| Supplied records |

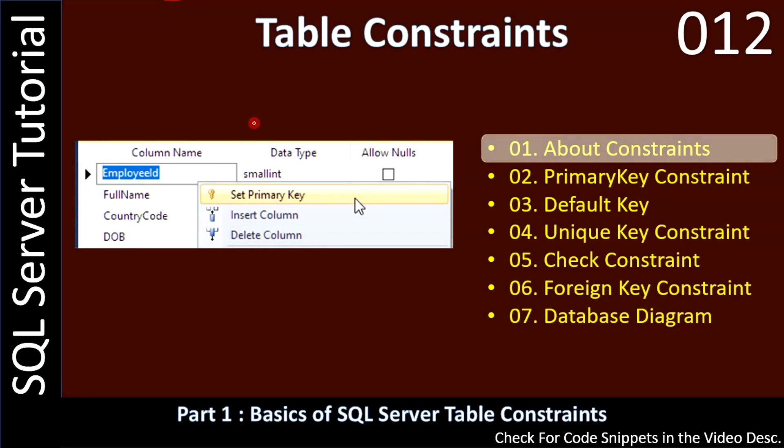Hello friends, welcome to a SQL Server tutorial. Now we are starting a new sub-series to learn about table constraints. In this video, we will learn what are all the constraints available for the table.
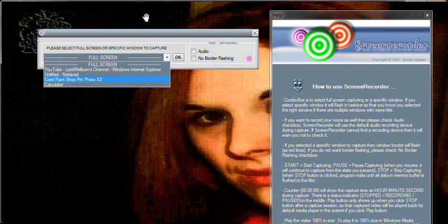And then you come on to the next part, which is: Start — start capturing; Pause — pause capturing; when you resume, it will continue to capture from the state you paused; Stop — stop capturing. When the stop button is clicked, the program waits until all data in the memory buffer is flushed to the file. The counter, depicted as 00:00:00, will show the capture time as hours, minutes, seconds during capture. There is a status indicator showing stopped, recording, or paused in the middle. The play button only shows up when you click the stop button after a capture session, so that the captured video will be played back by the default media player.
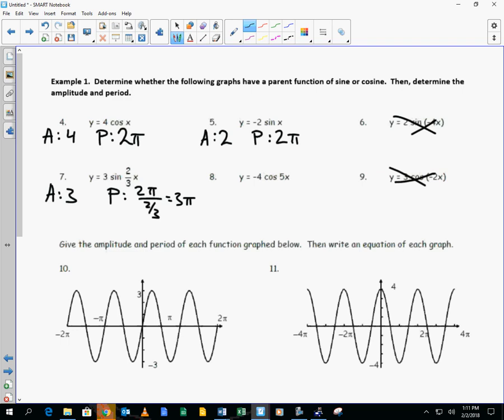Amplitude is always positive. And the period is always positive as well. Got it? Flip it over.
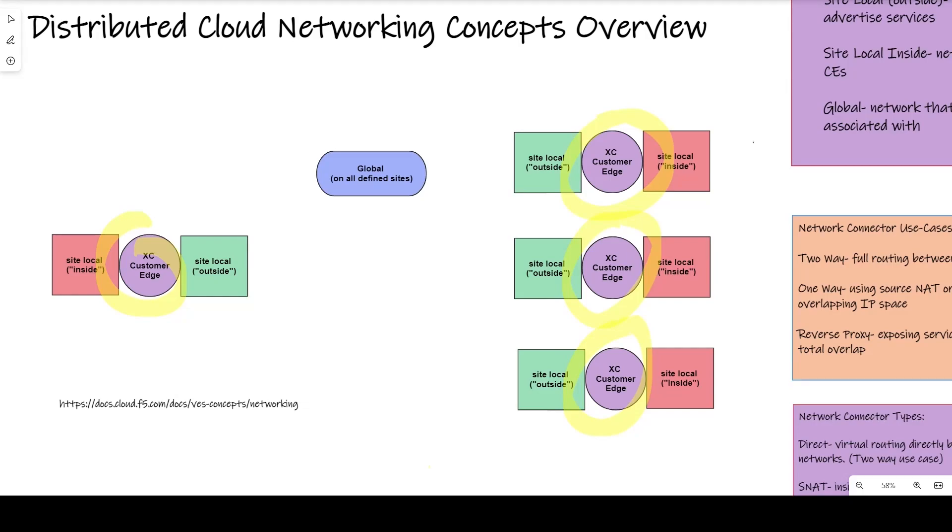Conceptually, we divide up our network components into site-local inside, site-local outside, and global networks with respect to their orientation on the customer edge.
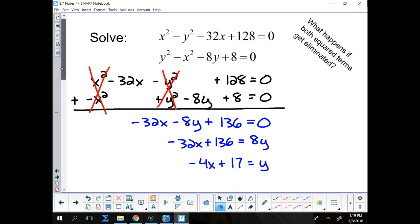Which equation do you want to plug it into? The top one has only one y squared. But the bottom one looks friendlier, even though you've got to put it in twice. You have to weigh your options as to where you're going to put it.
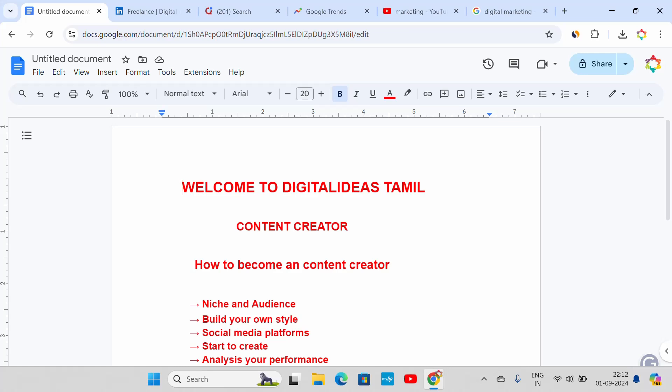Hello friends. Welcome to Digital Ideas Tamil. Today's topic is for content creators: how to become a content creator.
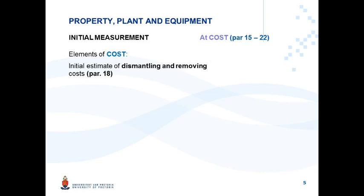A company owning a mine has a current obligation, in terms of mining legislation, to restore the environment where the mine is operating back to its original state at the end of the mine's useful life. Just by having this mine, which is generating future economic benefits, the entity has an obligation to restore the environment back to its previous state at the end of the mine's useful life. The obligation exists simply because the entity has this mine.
* * *
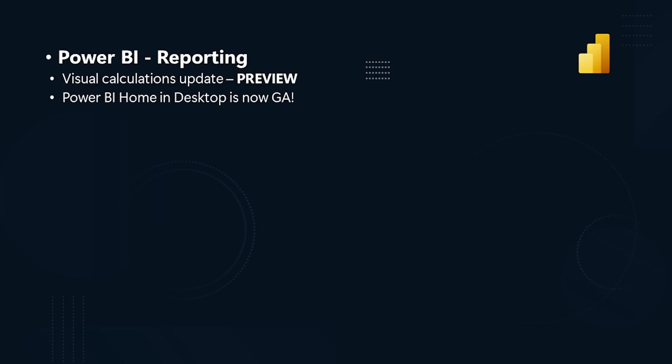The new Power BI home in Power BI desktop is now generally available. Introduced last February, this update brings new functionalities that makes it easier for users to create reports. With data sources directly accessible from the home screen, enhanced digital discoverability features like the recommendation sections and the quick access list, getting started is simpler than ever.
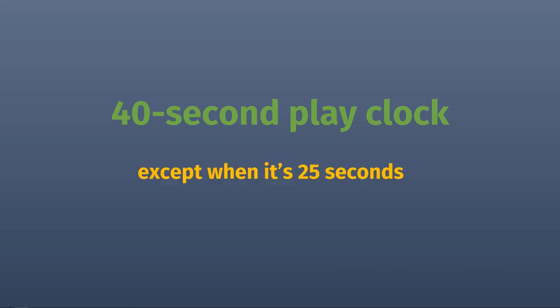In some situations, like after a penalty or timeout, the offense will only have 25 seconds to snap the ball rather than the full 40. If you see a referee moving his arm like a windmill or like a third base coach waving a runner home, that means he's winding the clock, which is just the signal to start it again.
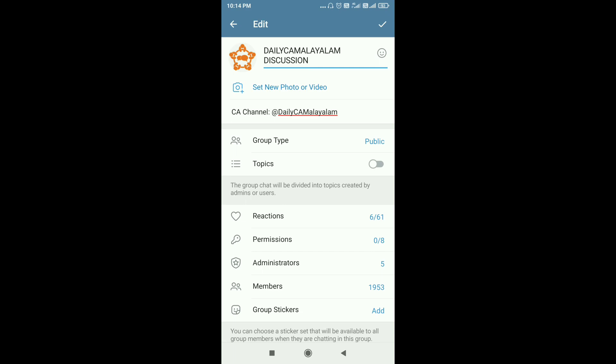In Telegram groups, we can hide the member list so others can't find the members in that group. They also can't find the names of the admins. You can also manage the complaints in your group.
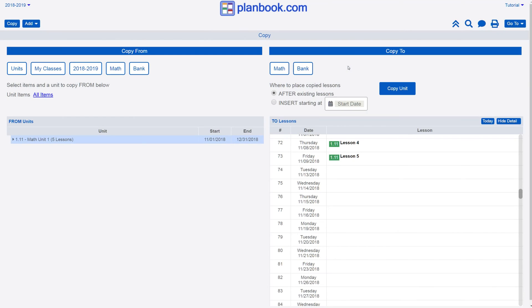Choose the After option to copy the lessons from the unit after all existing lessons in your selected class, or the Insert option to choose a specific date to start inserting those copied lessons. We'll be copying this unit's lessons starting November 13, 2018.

| Work to complete |
Pictures excluded, give again exactly and only the lines of the material above from the line with "Amplitude is always" through the line with "Hello friends. Welcome".

| Result of the task |
Amplitude is always positive. And the period is always positive as well. Got it? Flip it over.
Conceptually, we divide up our network components into site-local inside, site-local outside, and global networks with respect to their orientation on the customer edge.
Which equation do you want to plug it into? The top one has only one y squared. But the bottom one looks friendlier, even though you've got to put it in twice. You have to weigh your options as to where you're going to put it.
Hello friends. Welcome to Digital Ideas Tamil. Today's topic is for content creators: how to become a content creator.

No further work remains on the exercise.